# Suds vs # of stories



## Yikes (Jun 11, 2018)

California Plumbing Code 711.0 Suds Relief. 
_711.1 General. Drainage connections shall not be made into a drainage piping system within 8 feet (2438 mm) of a vertical to horizontal change of direction of a stack containing suds-producing fixtures. Bathtubs, laundries, washing machine standpipes, kitchen sinks, and dishwashers shall be considered suds-producing fixtures. Where parallel vent stacks are required, they shall connect to the drainage stack at a point 8 feet (2438 mm) above the lowest point of the drainage stack. 
Exceptions: 
(1) Single-family residences 
(2) Stacks receiving the discharge from less than three stories of plumbing fixtures _

My question:  If I have a 3 story, slab-on-grade building, at my ground level is my stack considered "less than 3 stories", because at the point that my first floor kitchen sink ties into the stack,  the vertical  "stack" portion is only receiving discharge from the second and third floor?


----------



## mtlogcabin (Jun 11, 2018)

STORY. That portion of a building included between the upper surface of a floor and the upper surface of the floor or roof next above (also see “Basement,” “Building height,” “Grade plane” and “Mezzanine”).
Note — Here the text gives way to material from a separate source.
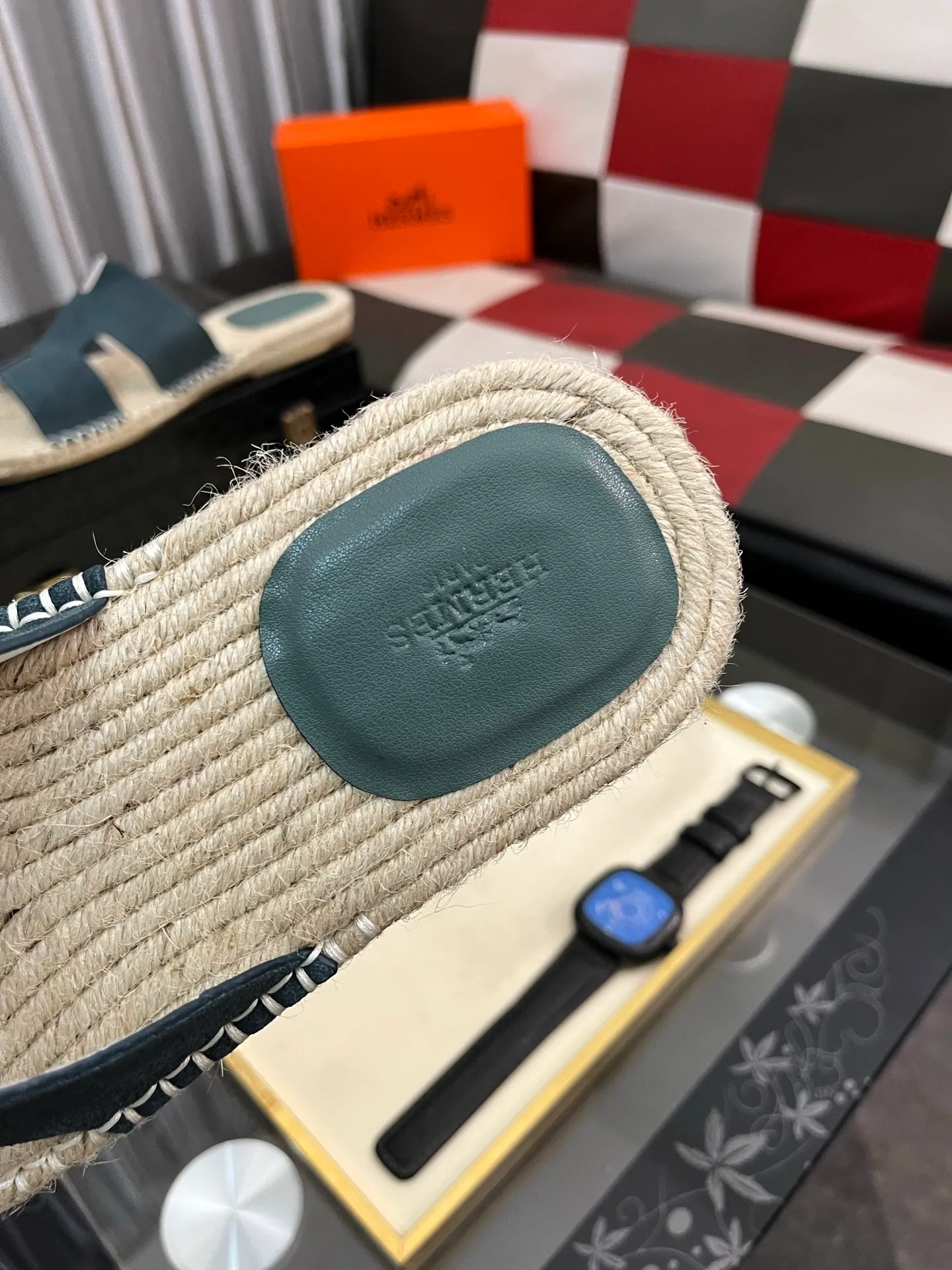 Men's shoes 💰320⌚️⌚️《HERMES》Hermès 💁♂️Men's casual slippers, quality comparison at counters🧚🏿♂️ The first layer of the upper is imported high mercerized matte, purely hand-drawn, raw rubber breathable and non-slip outsole, the lining is breathable and comfortable lambskin, the density is 100% comfortable, the original rubber outsole is wear-resistant and has a code number of 38-44. Can be customized 45-46-47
It is measured as the vertical distance from top to top of two successive tiers of beams or finished floor surfaces and, for the topmost story, from the top of the floor finish to the top of the ceiling joists or, where there is not a ceiling, to the top of the roof rafters.


----------



## Builder Bob (Jun 14, 2018)

Verify "Stack" definition of code --- it may provide the answer as stories are kinds irreverent.


----------